Problem requirements: In the records below, find the line with "The warm, curated" and the line with "Clothes Drying Stand". Print both exactly, along with every line between them, and no other line.

Source material:
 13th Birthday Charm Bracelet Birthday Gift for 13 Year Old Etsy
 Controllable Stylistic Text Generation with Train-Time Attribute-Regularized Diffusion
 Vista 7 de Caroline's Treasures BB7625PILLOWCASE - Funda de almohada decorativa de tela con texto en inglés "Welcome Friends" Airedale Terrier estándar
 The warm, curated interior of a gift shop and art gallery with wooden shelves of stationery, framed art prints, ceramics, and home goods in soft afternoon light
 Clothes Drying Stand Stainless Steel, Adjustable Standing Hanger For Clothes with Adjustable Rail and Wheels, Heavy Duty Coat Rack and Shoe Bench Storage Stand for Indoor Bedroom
* * *
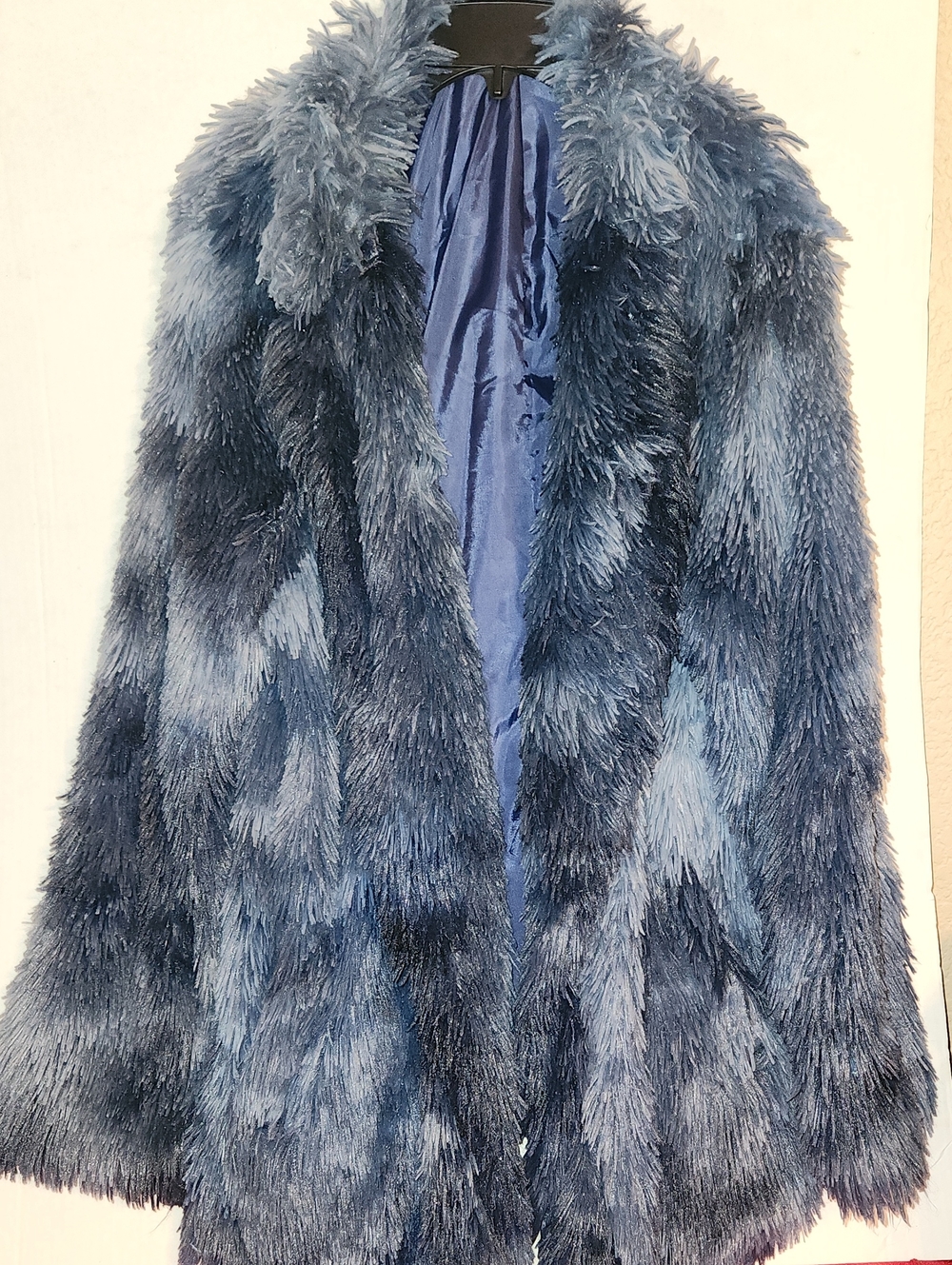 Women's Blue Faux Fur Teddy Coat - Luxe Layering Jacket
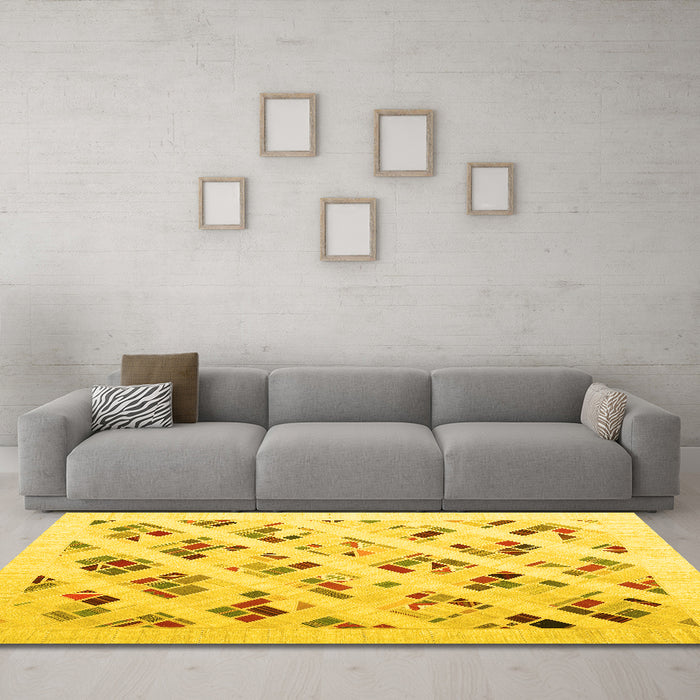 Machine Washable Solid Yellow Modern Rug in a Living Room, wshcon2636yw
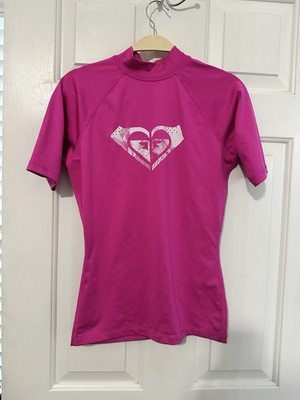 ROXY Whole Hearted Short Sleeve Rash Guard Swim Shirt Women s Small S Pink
* * *
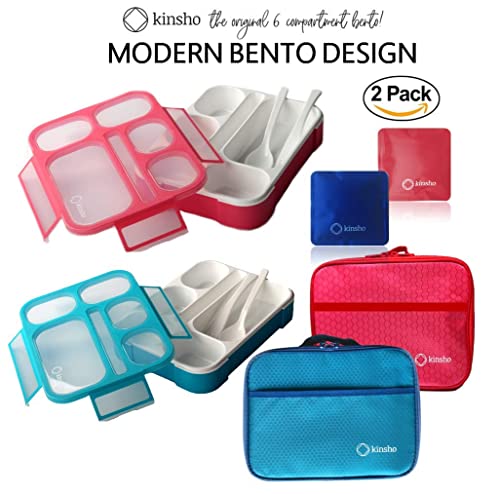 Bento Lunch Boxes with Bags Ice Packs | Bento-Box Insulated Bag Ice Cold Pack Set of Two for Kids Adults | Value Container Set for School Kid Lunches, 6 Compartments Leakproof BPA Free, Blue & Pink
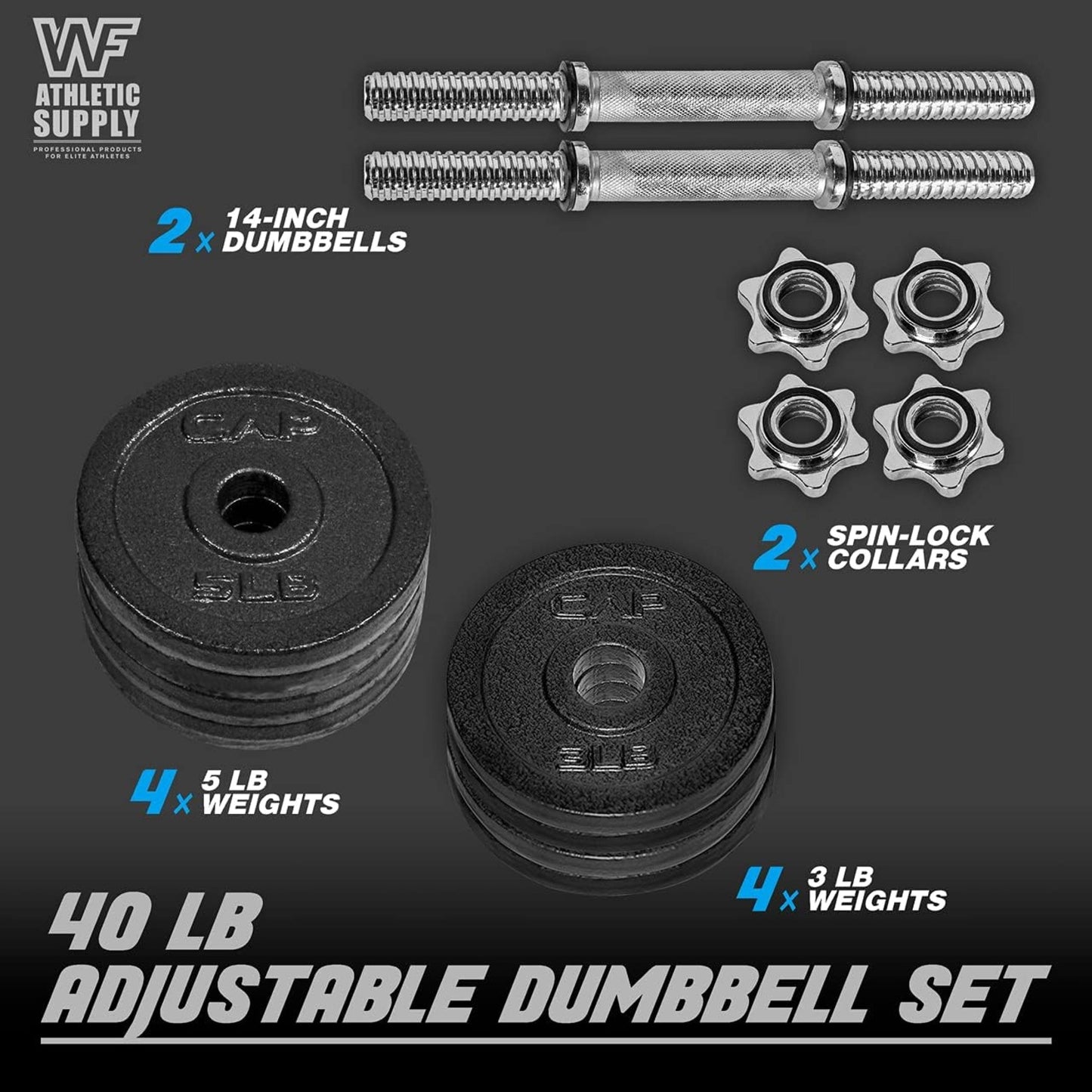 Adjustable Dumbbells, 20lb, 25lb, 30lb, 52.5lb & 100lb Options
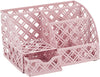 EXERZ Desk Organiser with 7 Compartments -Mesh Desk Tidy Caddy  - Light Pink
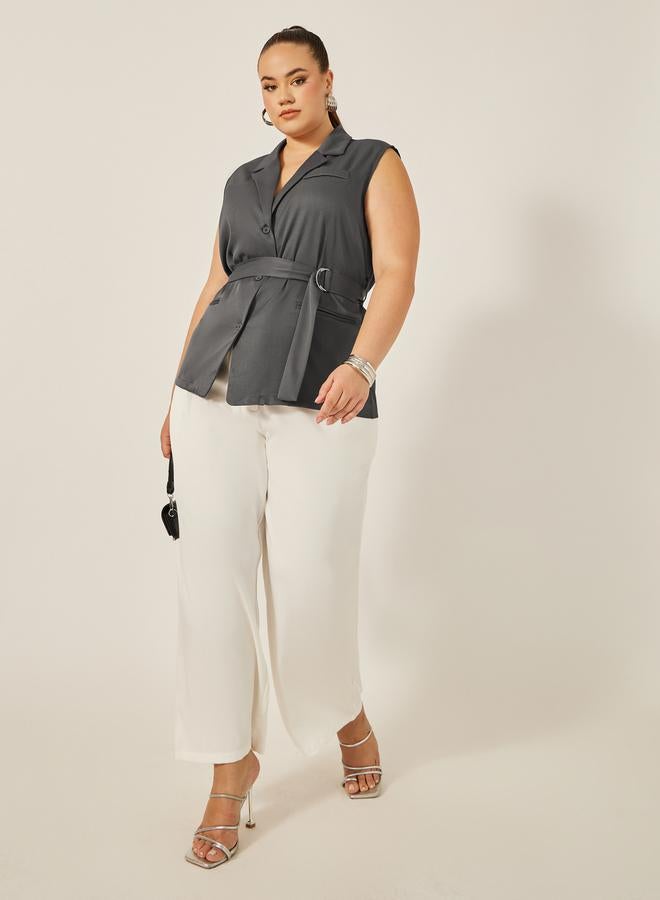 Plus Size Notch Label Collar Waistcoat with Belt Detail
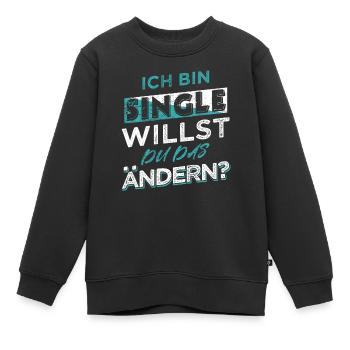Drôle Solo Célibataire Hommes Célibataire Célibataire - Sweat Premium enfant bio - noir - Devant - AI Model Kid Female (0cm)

Result:
 The warm, curated interior of a gift shop and art gallery with wooden shelves of stationery, framed art prints, ceramics, and home goods in soft afternoon light
 Clothes Drying Stand Stainless Steel, Adjustable Standing Hanger For Clothes with Adjustable Rail and Wheels, Heavy Duty Coat Rack and Shoe Bench Storage Stand for Indoor Bedroom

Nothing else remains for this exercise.